The senior leadership in any business must be at the forefront of the cultural and technological changes that drive digital transformation. In a McKinsey survey on Digital Transformation in 2022, 73% of leading companies say that senior leadership must be involved in shaping the company-wide strategy on technology. If you are in a position to promote digital transformation in your organization, then please read on.

This article will cover:

o What are some examples of digital transformation in manufacturing?
o Why should companies implement digital transformation?
o Where should companies start?

Examples of Digital Transformation in Manufacturing

There are six key aspects of digital transformation as they relate to manufacturing. These are:

1. Automation & Digitalization

2. 3D Printing

3. The Industrial Internet of Things (IIoT) and Smart Sensors

4. Augmented Reality (AR)

5. Artificial Intelligence and Machine Learning (AI/ML)

6. Analytics and Automated Business Processes


1. Automation and Digitization
Manufacturers are constantly striving to gain better control of their processes and understand the strengths and weaknesses of their products. Advanced automation techniques for each manufacturing stage, including inspection and production, are at the forefront of digital transformation.

The use of digitalization to move from 2D to 3D representations greatly impacts the amount of data a business can capture about what it does. Digital automated inspection gives greater insights, process control and feedback on the finished product, supporting agile manufacturing.

Many businesses are moving from manual inspection to automated inspection processes. This shift reduces human error, increases throughput, and, subsequently, data capture, and frees-up staff from repetitive processes to focus on more complex contributions.


2. 3D Printing
3D printing allows manufacturers to create low-cost product prototypes quickly, dramatically reducing the lead time of bringing parts and products to market. 3D printing processes can produce complex geometries previously unattainable by traditional manufacturing methods. With this advancement, product designers are no longer limited to what can be produced through traditional machining methods. 3D printing quality and precision have made additive manufacturing a viable industrial production.

Digital automated inspection is the perfect companion to 3D printing, which has proven itself a critical tool for problem-solving issues in manufacturing environments and process development labs.

Detailed 3D models, or digital twins, and reverse engineering from 3D scan data can shorten analysis times for research and development (R&D) teams or support competitor analysis.

3. Industrial Internet of Things (IIoT) and Smart Sensors
The rapid spread of devices that capture and analyze data has significantly changed the traditional production environment over the last few years.
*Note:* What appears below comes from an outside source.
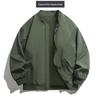 Men's Cross-Border Casual Windproof Jacket - Spring, Autumn, Winter Sports Trendy Loose Coat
The connectivity between production machines and automated inspection equipment now means that defects and variations on manufacturing lines can be trended and analyzed in real time. Adverse trends from incoming materials, process variations, and manufacturing condition shifts can be identified and addressed immediately with targeted actions.
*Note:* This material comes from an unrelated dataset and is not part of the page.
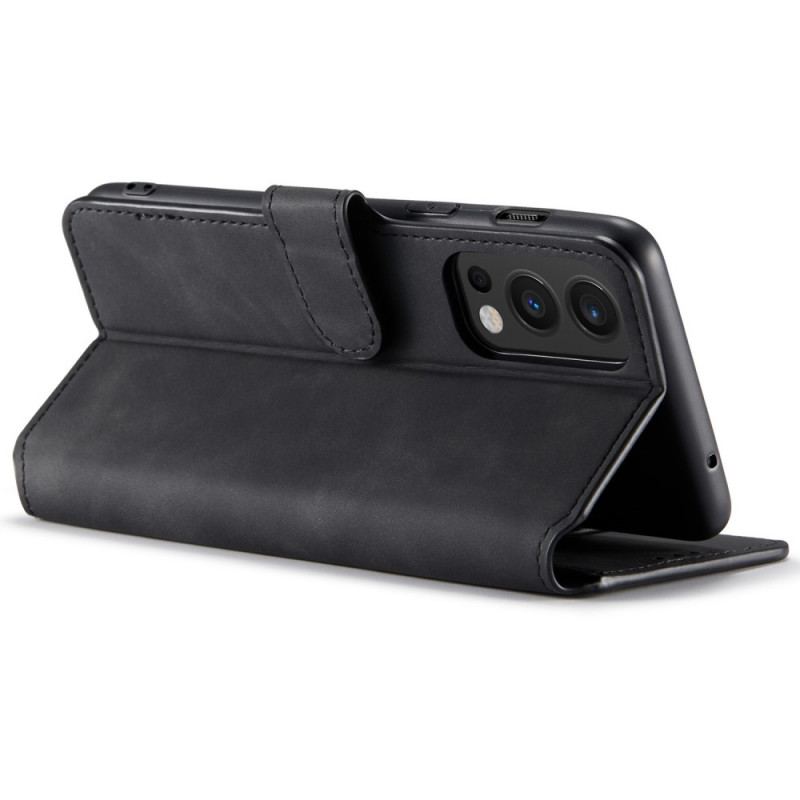 Flip Cover OnePlus Nord 2 5G Dg.ming Retro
Automated inspections can trigger earlier interventions upstream in the manufacturing process to avoid mistakes before costly scrap is produced.
Connected devices and the Industrial Internet of Things (IIoT) allow different devices to communicate effectively to create a coherent, connected manufacturing assembly line.

4. Augmented Reality (AR)
Augmented Reality (AR) is poised to become one of the most disruptive technologies of our time as computer processing power and the quality of graphic visualizations improve over the next two to three years.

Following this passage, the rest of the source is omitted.